Wikileaks has released a 2009 CIA document, Best Practices in Counterinsurgency.
This is a secret CIA document assessing high-value targeting (HVT) programs world-wide for their impact on insurgencies. The document is classified SECRET//NOFORN (no foreign nationals) and is for internal use to review the positive and negative implications of targeted assassinations on these groups for the strength of the group post the attack. The document assesses attacks on insurgent groups by the United States and other countries within Afghanistan, Algeria, Colombia, Iraq, Israel, Peru, Northern Ireland, Sri Lanka, Chechnya, Libya, Pakistan and Thailand. The document, which is "pro-assassination", was completed in July 2009 and coincides with the first year of the Obama administration and Leon Panetta's directorship of the CIA during which the United States very significantly increased its CIA assassination program at the expense of capture operations. It produces a chart for US officials to use in strategically assessing future operations and methods in HVT assassinations.
CIA Best Practices in Counterinsurgency, Wikileaks
The document contains bullet points about the best practices in capturing or killing people, including discussion of which is better.
The report is pessimistic about the effectiveness of the CIA program of killing high value targets in Afghanistan, where the high value targets are usually killed.
A CIA report in 2009 found that "high-value targeting" had limited utility in beating back the Taliban in Afghanistan, ahead of an increase in drone strikes against the group.
The internal agency report, released without official permission Thursday by WikiLeaks, analyzed the targeting of insurgent group leaders for capture or assassination by U.S. and other governments in various armed conflicts.
In Afghanistan, where the report said targeting emphasizes lethal attacks, government corruption, “endemic lawlessness” and the “egalitarian Pashtun structures” associated with the Taliban hindered the effectiveness of efforts, the report found.
“Senior Taliban leaders’ use of sanctuary in Pakistan has also complicated the [targeting] effort,” says the report, written by the CIA’s Office of Transnational Issues.
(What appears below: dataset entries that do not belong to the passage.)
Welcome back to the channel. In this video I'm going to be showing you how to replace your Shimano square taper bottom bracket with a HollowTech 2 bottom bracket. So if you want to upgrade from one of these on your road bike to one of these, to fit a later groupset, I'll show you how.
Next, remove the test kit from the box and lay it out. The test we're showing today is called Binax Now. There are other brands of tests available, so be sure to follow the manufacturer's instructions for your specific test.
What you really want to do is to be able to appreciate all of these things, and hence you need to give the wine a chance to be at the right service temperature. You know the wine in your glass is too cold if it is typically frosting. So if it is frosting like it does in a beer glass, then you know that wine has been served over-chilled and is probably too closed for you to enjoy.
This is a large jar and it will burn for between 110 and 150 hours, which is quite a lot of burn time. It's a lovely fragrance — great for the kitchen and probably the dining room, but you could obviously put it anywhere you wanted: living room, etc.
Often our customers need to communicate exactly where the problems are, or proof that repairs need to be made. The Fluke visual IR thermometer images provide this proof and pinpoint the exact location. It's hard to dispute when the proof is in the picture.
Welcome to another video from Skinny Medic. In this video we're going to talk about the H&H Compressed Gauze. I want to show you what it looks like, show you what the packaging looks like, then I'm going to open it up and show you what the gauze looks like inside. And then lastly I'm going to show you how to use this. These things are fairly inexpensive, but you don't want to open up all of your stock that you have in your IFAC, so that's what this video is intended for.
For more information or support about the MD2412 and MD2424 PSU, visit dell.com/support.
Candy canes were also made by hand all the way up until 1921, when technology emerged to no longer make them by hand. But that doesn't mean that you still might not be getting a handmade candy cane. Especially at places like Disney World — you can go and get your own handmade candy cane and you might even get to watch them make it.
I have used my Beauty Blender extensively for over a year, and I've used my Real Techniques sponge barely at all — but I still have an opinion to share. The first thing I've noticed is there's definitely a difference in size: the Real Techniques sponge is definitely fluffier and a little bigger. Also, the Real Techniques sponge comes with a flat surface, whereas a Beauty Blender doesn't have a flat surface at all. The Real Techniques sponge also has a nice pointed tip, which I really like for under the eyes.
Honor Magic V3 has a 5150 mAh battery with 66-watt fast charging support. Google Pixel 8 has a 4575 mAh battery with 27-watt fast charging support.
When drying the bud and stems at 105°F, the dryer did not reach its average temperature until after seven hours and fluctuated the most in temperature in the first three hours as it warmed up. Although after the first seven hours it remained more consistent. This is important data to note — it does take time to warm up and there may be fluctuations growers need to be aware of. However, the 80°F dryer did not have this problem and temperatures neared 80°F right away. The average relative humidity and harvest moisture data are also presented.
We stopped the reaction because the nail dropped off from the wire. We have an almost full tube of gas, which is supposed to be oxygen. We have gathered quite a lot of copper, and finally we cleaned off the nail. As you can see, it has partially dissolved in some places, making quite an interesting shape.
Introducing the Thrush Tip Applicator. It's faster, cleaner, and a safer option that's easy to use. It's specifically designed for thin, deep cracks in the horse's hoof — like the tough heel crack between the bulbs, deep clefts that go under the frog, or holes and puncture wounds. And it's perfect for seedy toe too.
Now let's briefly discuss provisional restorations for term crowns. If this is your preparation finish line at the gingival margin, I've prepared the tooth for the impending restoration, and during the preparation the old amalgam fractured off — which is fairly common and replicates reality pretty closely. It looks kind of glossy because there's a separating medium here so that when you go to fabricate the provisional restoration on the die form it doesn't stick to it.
WikiLeaks Releases Downbeat CIA Appraisal of Strikes in Afghanistan, U.S. News and World Report
The CIA analysis released Thursday provides a new snapshot into the intelligence the White House and Pentagon were working with at the time. It acknowledges that “high-value targeting” had been conducted against the Taliban only on an intermittent basis at that point, with limited effect. Counterinsurgency operations conducted against the Taliban to that point had moderate effect, according to the report.
CIA analysis: ‘high-value targeting’ had limited effect against Taliban, Washington Post
Bloomberg has a report on Afghans who had become millionaires from U.S. contracting.
We are driving to the Nawa district, just 30 minutes outside Lashkar Gah, the capital of Helmand province in the southwest corner of Afghanistan. Matie is going to show us how he first became a millionaire.
Earlier that morning, photographer Lorenzo Tugnoli and I found Matie sprawled on his office floor. He’d spent the night Facebooking—until he passed out. In the corner, on the armrest of a brown couch, a Dell laptop flashed an error message. Stacks of blue posters for the cell phone company Salaam lay against the wall. Matie had recently bought the local Salaam distribution license. It’s his latest project.
Afghanistan’s New Millionaires, Bloomberg
Hikmatullah Shadman had started as a contract translator. He had used his pay to buy a used Land Rover, which he rented to international forces. He then bought many more trucks to rent.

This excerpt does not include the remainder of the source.